I thought nothing can beat the first impression when you enter – for the first time – the premises of Tomasz – an old-fashioned, classical, a resort-style villa surrounded by immense old-growth trees and vast garden. Simply – breathtaking. Morover – it seems to be a promise for something extraordinary. Something of a magic which you expect to find once crossing the doorsteps of that house.
But only when for the second time I had a chance to visit Tomasz in his place I encountered that most important, truly unusual thing – a giant library fitting the whole two walls of an immense cabinet. Full to the brim of the photo books and albums. Lucky me – I spent hours in there, reading, going through the pages, and listening to the stories told by Tomasz: about the authors, about how those great photographs were taken.
And – honestly speaking – it did not take me long to start collecting my own set of the books – interesting ones, sometimes quite fresh, sometimes published long ago. Sure – I had had already something in my “pile” before. Some classics like Koudelka, McCurry, Parr, Salgado, some Magnum general stuff, things like that. But I thought I was missing something, something “different”, something “interesting”.
First tip came from Tomasz: “There is that unusual thing – Cristina García Rodero and her España Oculta”. I tell you this – this thing is really unique. It tells the story about the Spaniards some few decades ago, and their religious lives. Literally – every single photograph is a piece of real art. It was then when I realized – this is the right direction, this is that very avocation that I need.

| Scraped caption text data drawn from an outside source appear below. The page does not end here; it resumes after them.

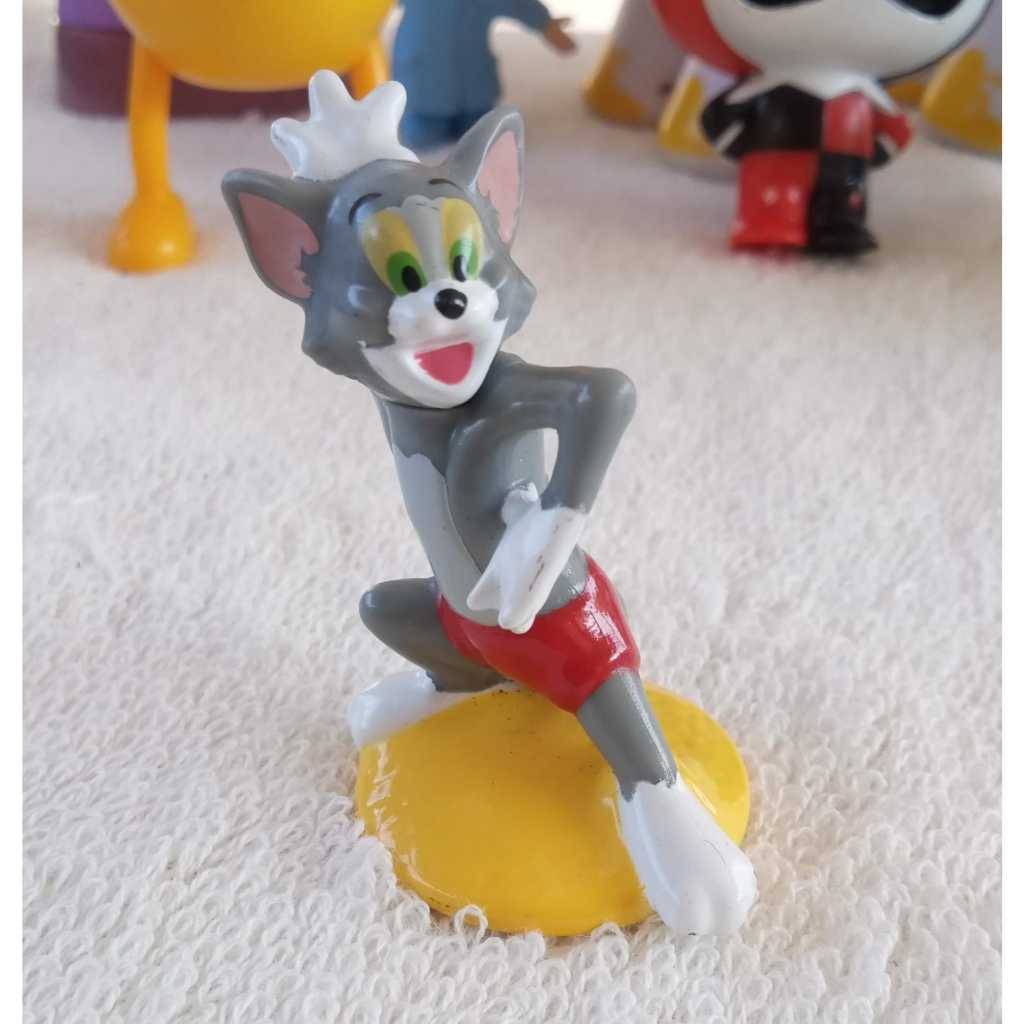 Miniatura tom - tom e jerry | Shopee Brasil
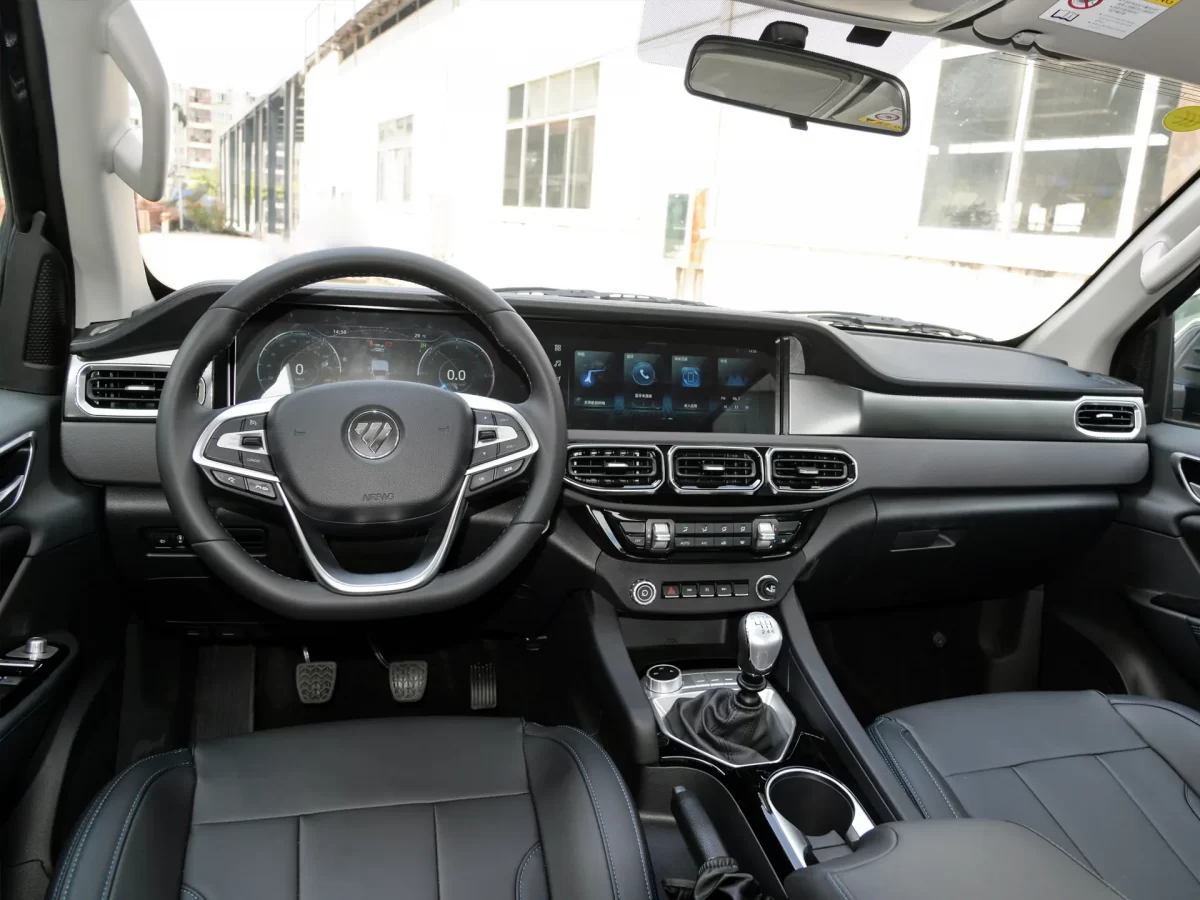 интерьер салона General G9 2023 модельного года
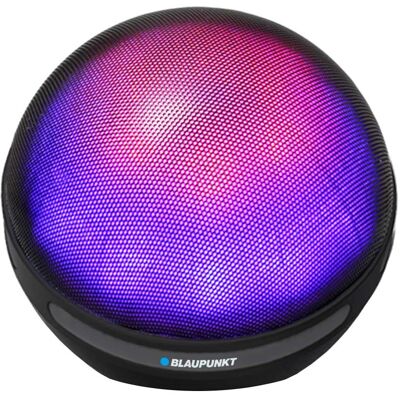 Blaupunkt BT08LED Tragbarer Bluetooth-Lautsprecher - 5W, Schwarz Blaupunkt BT08LED Tragbarer Bluetooth-Lautsprecher - 5W, Schwarz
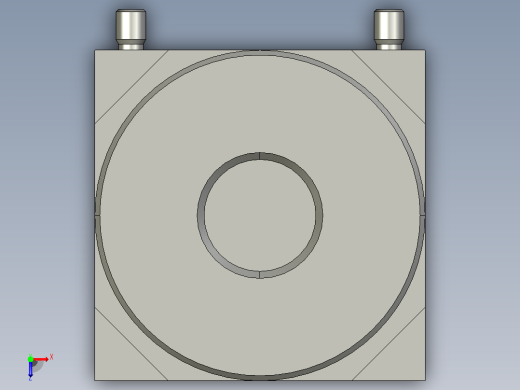 FESTO费斯托FRM-H-D-MIDI-170688分支模块俯视缩略图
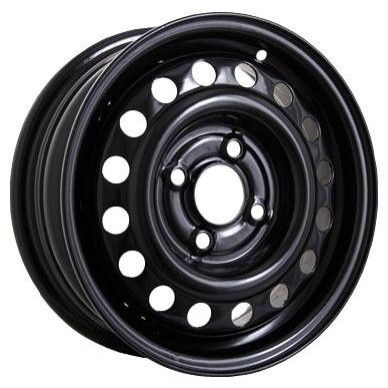 Steel Wheels R14 W5.5 PCD4x108 ET24 DIA65.1 - зображення 1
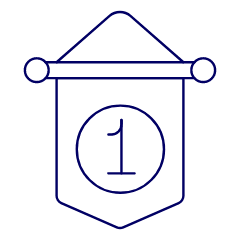 Pennan Number One Illustration from UX Line Set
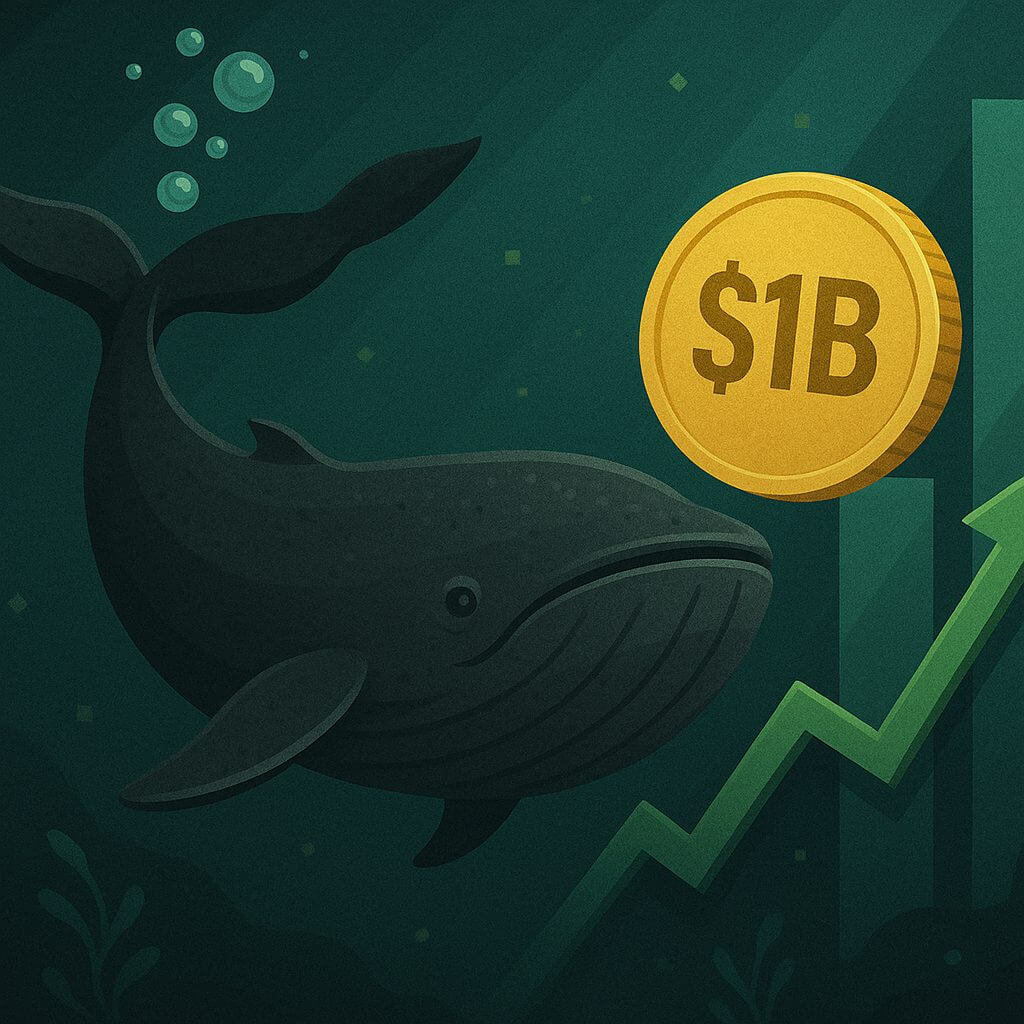 Whale mit 1 Milliarde US-Dollar Long-Position in Bitcoin steht unter Druck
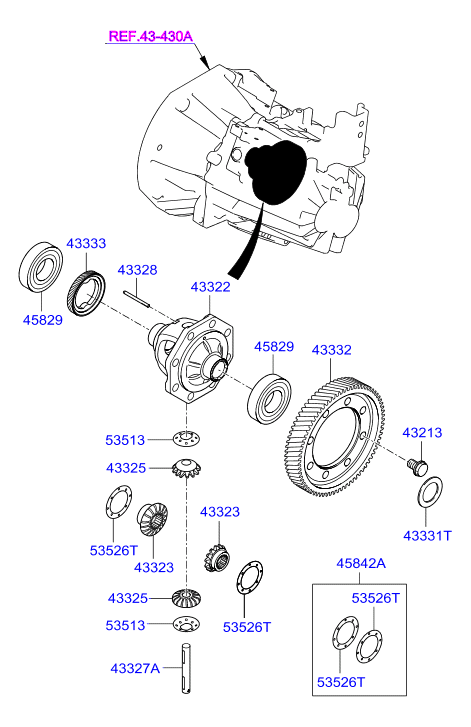 DRIVE SHAFT - FRONT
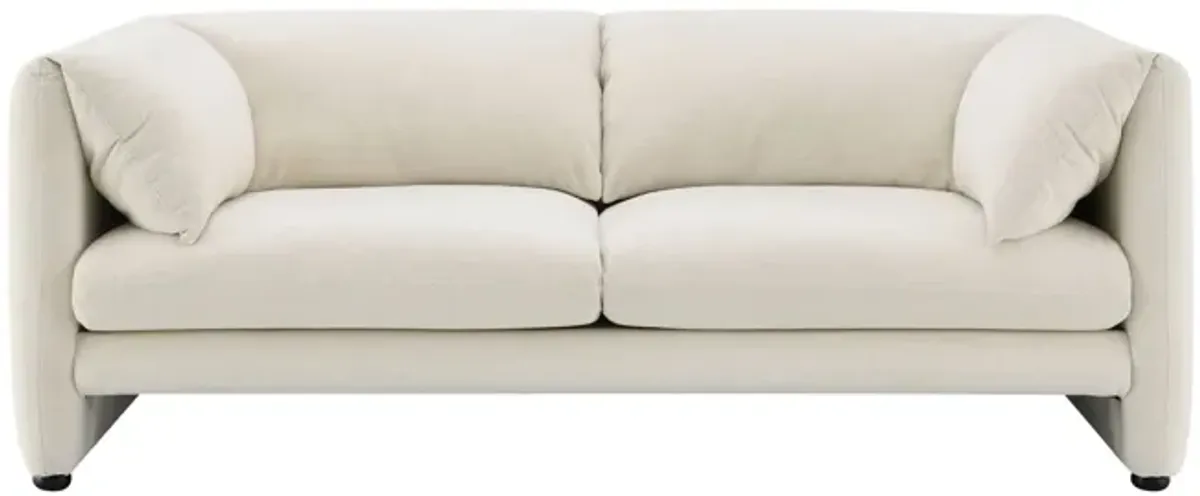 Jaeda - Boucle Loveseat - Beige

And then came the others: Roger Ballen, Antoine d’Agata (God, that latest book of him is really something!), PJ Harvey, Lorenzo Castore, and the others. After that came yet another step – a quest for really special books, a sort-of off-side to photography: I found “The Last Testament” by a Norwegian journalist Jonas Bendiksen. It is a story about seven men, each of them living in a different part of the world. Each of them claiming to be a new embodiment of Jesus Christ. A really fat book resembles the Testament in its design. A really unique thing. Another peculiarity which I found was a book by a Japanese photograph Watabe Yukichi who passed away years ago, “A Criminal Investigation”. Together with an author we are following a police detectives team who try to solve a complicated case of murder. A very dark story, but a story which drives us into the investigation in depth. We simply feel as if we were the detectives ourselves, solving the case that happened decades ago. Plus – that unusual graphical design of the book (same goes for the book by Bendiksen) making it stand out from the whole bunch if the “ordinary” photo books.
And finally a few words about quite a different category in my collection. I started this category with a special book by Tomasz “Everything Can Be Anything”. This is a unique, collector’s edition of Tomasz photographs taken in the last two years. Unavailable in any book store, signed by an author, limited edition, a unique thing. A real gem. Nice to have such a thing in your collection. Well – forgive me this clear sign of snobbism.
What next? How the collection will look like in a year or so? Hard to tell anything here but just one thing – it’s going to get “fatter”. And for sure one thing must enrich the set – a long time ago published pearl “Half Life” by Michael Ackerman.
I truly recommend this “upright game” of collecting the photo-books.